Dear LAMMPS users,
are there any ways to run multiple LAMMPS calculations (e.g. running in NVT ensemble for different structures) with reading a potential once?
My ML potential becomes large, it requires much more memories and takes long reading time. Every new calculations I need to newly read the potential and it wastes a lot of computational resources.
Many thanks in advanced for your help.
If reading your machine learning potential takes more time than the simulation, you have a serious problem with how your potential is implemented and how you read its settings, or you are running a system that is far too small to make sense for classical MD.
also, avoiding to read it multiple times does not lower the memory consumption unless your code has memory leaks, which are bugs that need to be fixed.
do you have some reliable numbers as to how much resources are actually spent on the reading the potential versus the calculation itself?
what type of machine learning model are you using? is this any of the packages in LAMMPS or your own implementation?
Thanks a lot for the reply.
I’m using Gaussian Approximation Potentials in QUIP package, and my trained potential is as heavy over 2GB. I’ve trained it for a quaternary system and double SOAPs for each element, it ends up with such a large potential. I have experiences with different binary systems, and I had no such problem as I had way lighter potential ~150MB. I also didn’t expect that avoiding to read it multiple times lower the memory consumption, but it will reduce the time.
I have tested minimization runs so the calculation itself doesn’t spend much resources at this point. Reading the potential takes more than an hour with 288 cores and 240GB memory. By the way, I’m not sure whether LAMMPS can read the potential in parallel or not.
I don’t want to start an argument about the benefits and shortcomings of different machine learning potentials (and I am lacking the expertise and experience for that anyway), but this sounds a lot like you are pushing the limits (if you are not over the limit) of what is meaningful within a given framework. Perhaps it could be beneficial to look for a methodology where you can get a similar quality of approximation with far fewer basis functions.
With the QUIP package, most of the “work” is not done by LAMMPS. LAMMPS only provides a very light wrapper on top of the library functions from the QUIP library. Of course the potential parameters need to be present on every processor and thus the parameters are read by every MPI rank. That is not very efficient, but this is how the QUIP library is implemented. Reading on a single MPI rank and then broadcasting the data to all other MPI ranks is usually faster (depending on your specific machine, number of nodes and file system), but since the QUIP library is written in Fortran, this includes lots of compilations: both LAMMPS and the QUIP library need to be compiled with compilers using the same MPI library, and the interface must pass an MPI communicator from the C++ code to the Fortran code (doable, but not everybody likes or wants to do that). So for discussing more details on this you have to contact the QUIP library developers.
As far as LAMMPS is concerned, I can see that the quip_lammps_potential_initialise()

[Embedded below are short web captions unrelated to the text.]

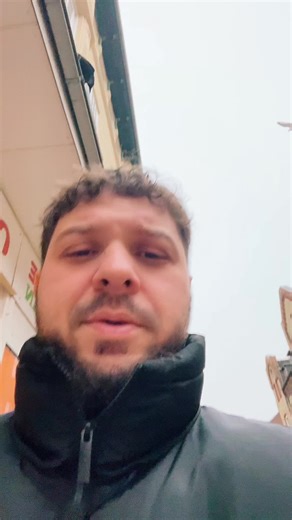 Crush von jedem: Der Druck des Aufstehens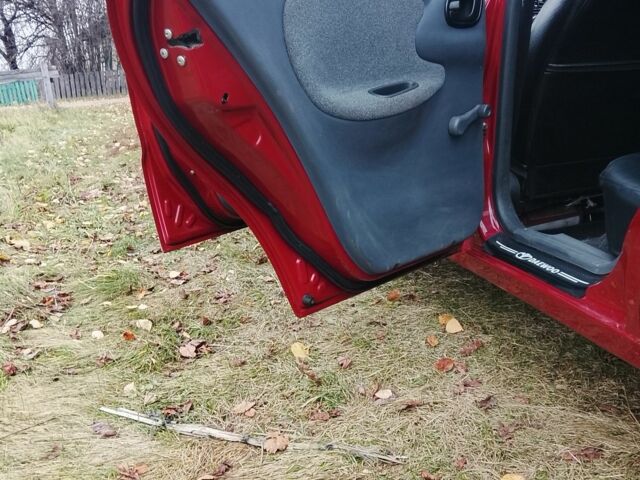 Червоний Деу Сенс, об'ємом двигуна 1 л та пробігом 169 тис. км за 1300 $, фото 1 на Automoto.ua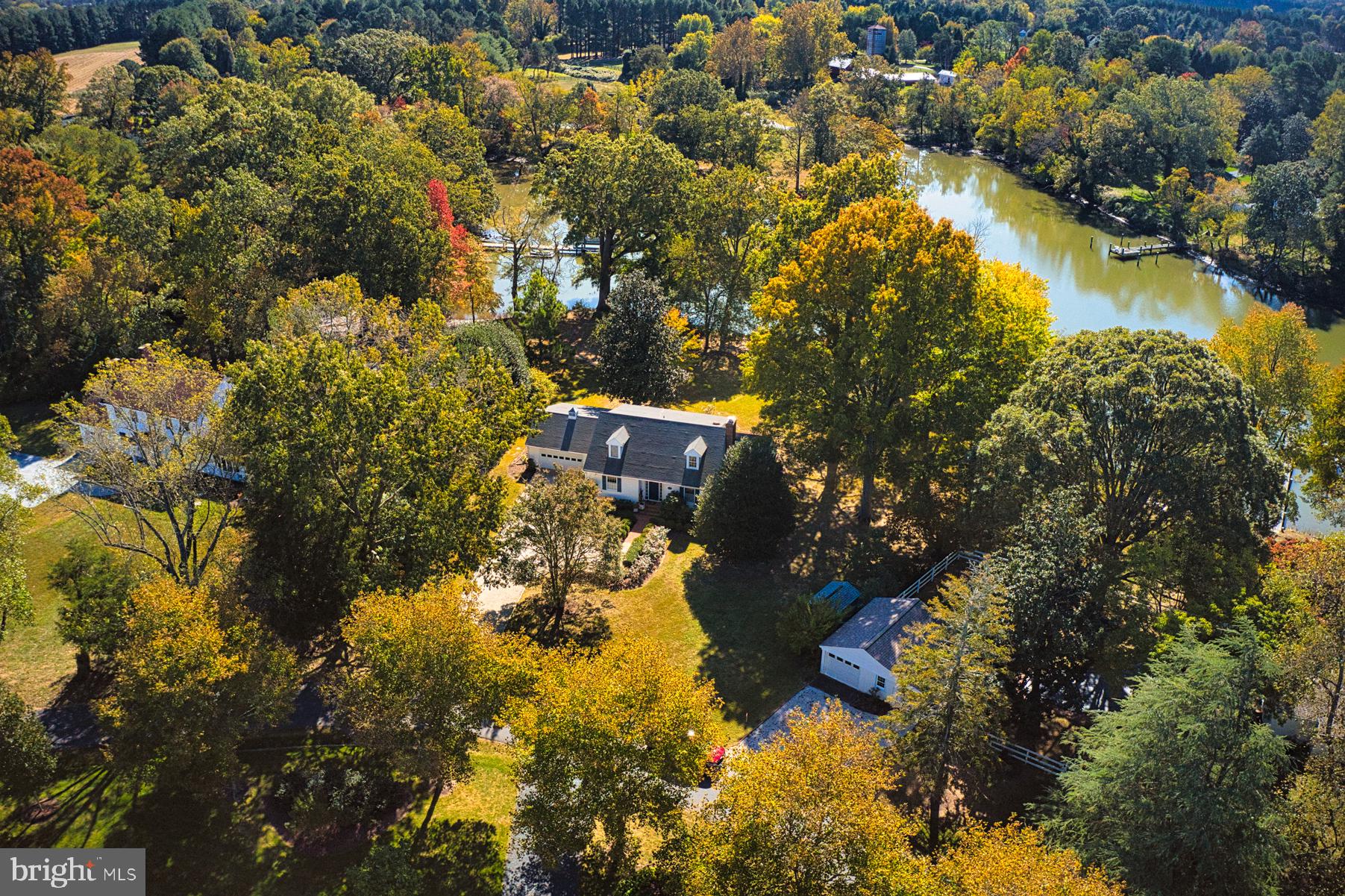 COVENIENTLY LOCATED JUST 3 MILES DISTANCE FROM THE TOWN OF EASTON. THIS COMFORTABLE 3 BEDROOM 3 BATH WATERFRONT HOME IS CONNECTED TO PUBLIC SEWER AND THERE IS SPACE FOR A WATERSIDE POOL.
RENOVATED BATHROOMS AND NEW KITCHEN , HUGE WATERSIDE DECK FOR COMFORTABLE OUTDOOR LIVING. THERE IS A ONE CAR GARAGE, A SHED , GRAVEL DRIVE WITH ADDITIONAL PARKING. THE DOCK FEATURES A FLOATING DOCK FOR THE AVID CAJAK ENTHUSIAST TO ENJOY GROCLEYS COVE WHICH IS A TRIBUTARY OFF THE MILES RIVER.
SURVEY AND POOL DRAWINGS ON FILE.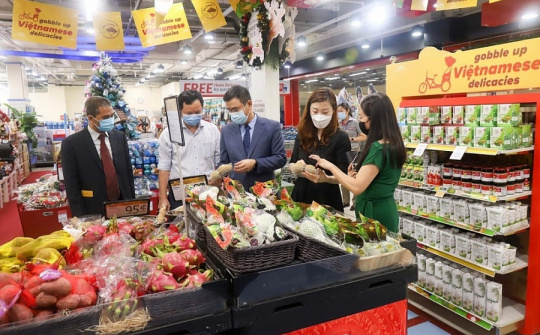 Tuần lễ hàng Việt Nam 2021 đồng loạt khai mạc tại hai hệ thống siêu thị lớn của Singapore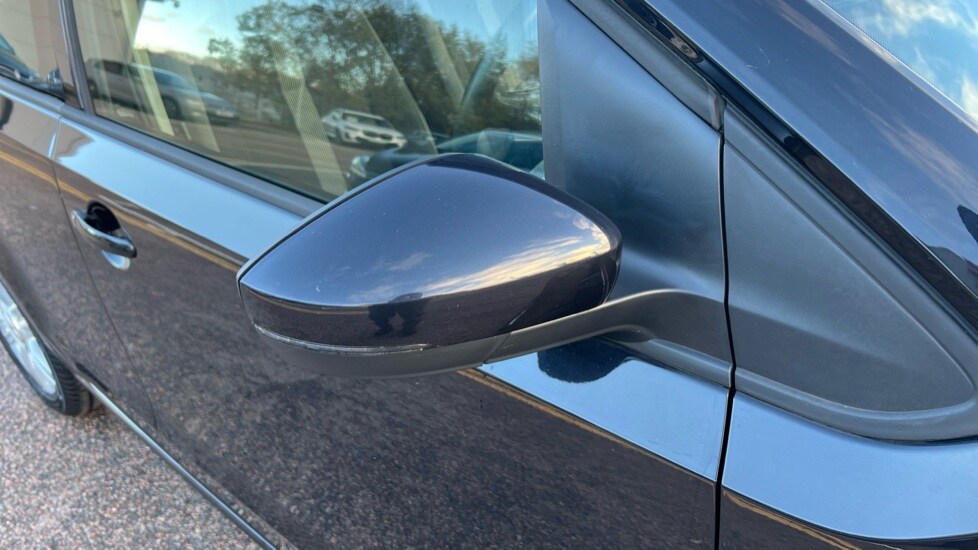 Used Volkswagen up! 2017 for sale - 76684372: Photo 43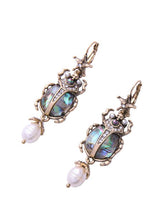 Load image into Gallery viewer, Bettle Juice Earrings With Pearl Star
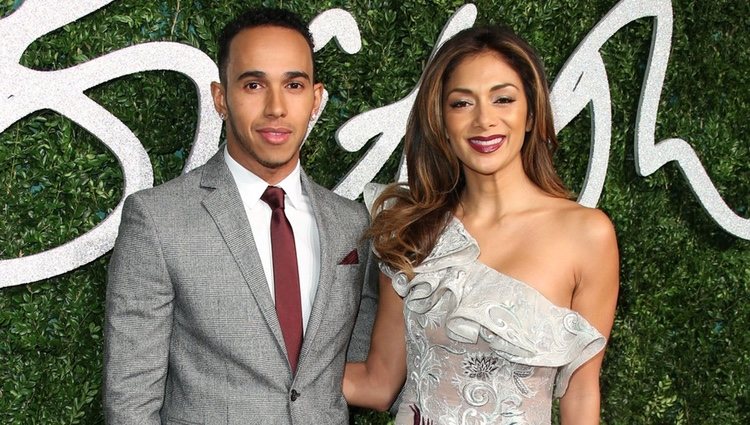 Lewis Hamilton y Nicole Scherzinger acuden a los 'British Fashion Awards 2014' en Londres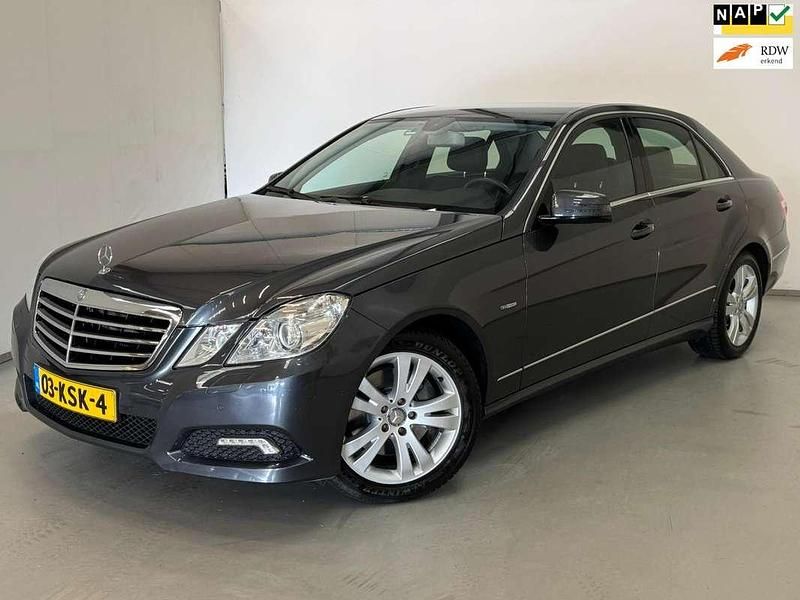 Grijs (metallic) Occasion 2010 Mercedes E250 Avantgarde Sedan | € 10.750 (Eerlijke prijs) - Afbeelding 1/4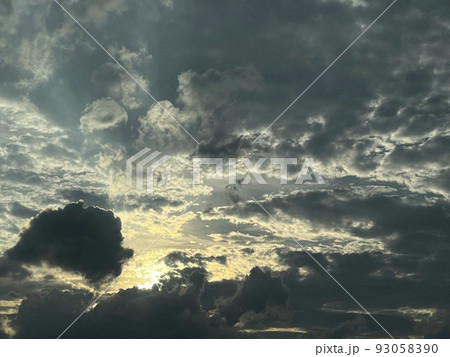雲が怒っている 93058390
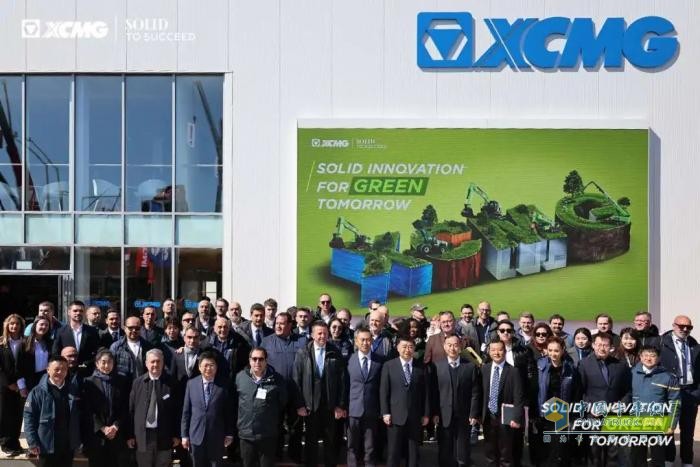 在歐洲、為歐洲！徐工集團攜“中國方案”閃耀德國寶馬展Bauma 2025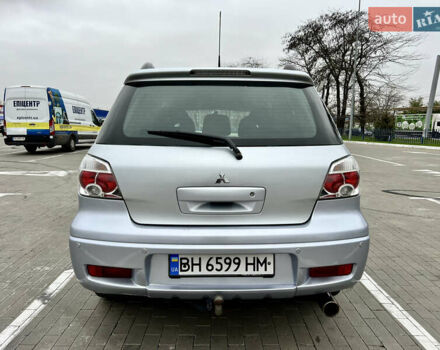 Серый Мицубиси Аутлендер, объемом двигателя 2 л и пробегом 209 тыс. км за 7200 $, фото 5 на Automoto.ua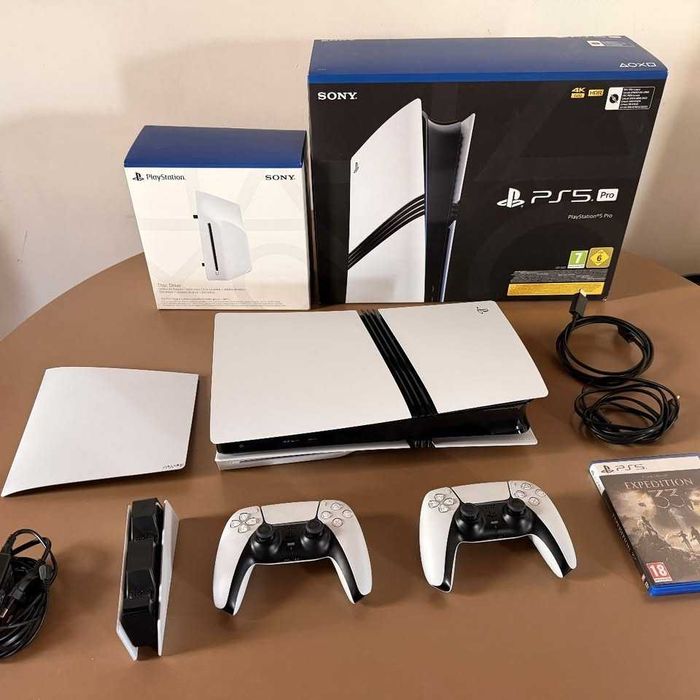 Ps5 pro + napęd + 2 pady jak nowa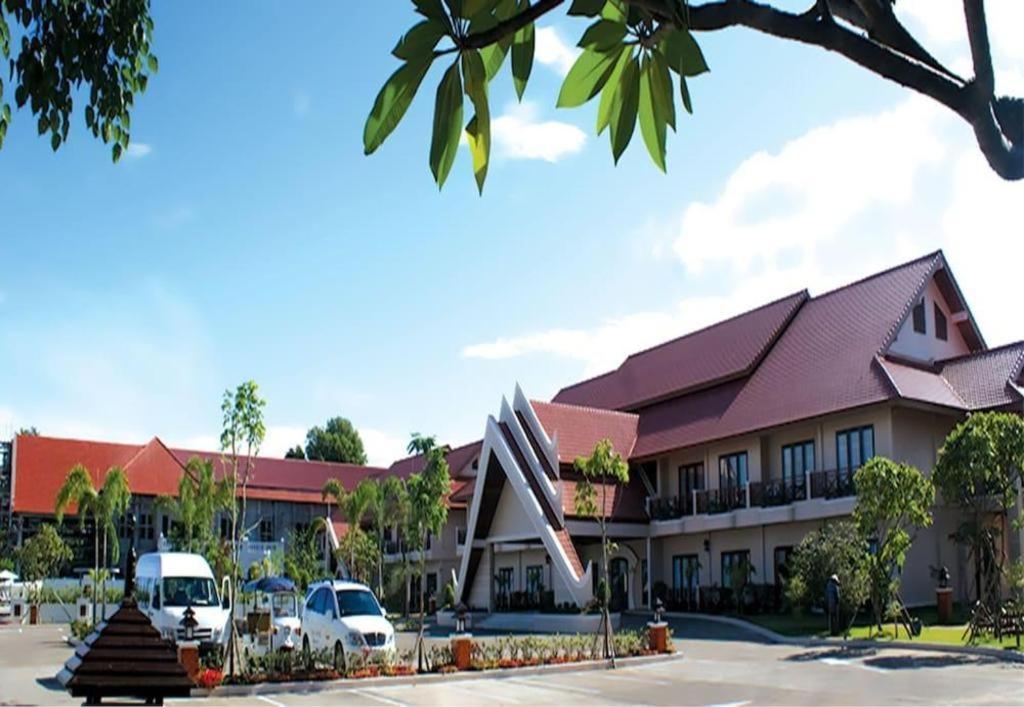 Daosavanh Resort & Spa Hotel Savannakhet Dış mekan fotoğraf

function is called twice by every MPI ranks when reading the potential. What the code in this function does, is not part of LAMMPS so I cannot say whether it is parsing the entire file(s) completely multiple times.
File parsing can be done more or less efficient. From what I see in the quip
example folder in LAMMPS, the GAP potentials come with multiple files, either plain text or text file encoded in XML.
Reading floating point numbers from a text file is much less efficient than reading an unformatted binary file but also less portable. Perhaps there is an option to replace the text file with a binary file somehow.
Also reading and parsing XML files is notoriously slow (if the XML implementation is not taking any implementation specific shortcuts and then can handle only XML files conforming to specific conventions) because of the nature of the XML syntax. Other structured text formats are simpler and faster to read and process and structured binary file formats like hdf5 even faster. Again, these are all choices that need to be implemented in the QUIP library by the QUIP developers (if they care) and not something that can be addressed on the LAMMPS side of things (unless you would be switching to a “native” LAMMPS ML potential, of course
).
Finally, coming back to your original question. You will have to re-initialize the entire system and thus the potential for any calculation where you have a different number of atom types (this is assuming that you don’t have any explicit bonds or similar in your model where things are much more complicated). The simplest option you have to continue would be to write out different sets of coordinates in dump files and then use the read_dump
command read_dump command — LAMMPS documentation to change the system. You can add or delete atoms in the process, but you cannot add or use or change atom types that were not defined the first time. A similar but less flexible procedure is also possible with deleting all atoms and then using read_data
with the “add” option to read in a new set of atoms.
This is amazing. I truly appreciate your help and insights, it already pushed me further a lot. Many thanks!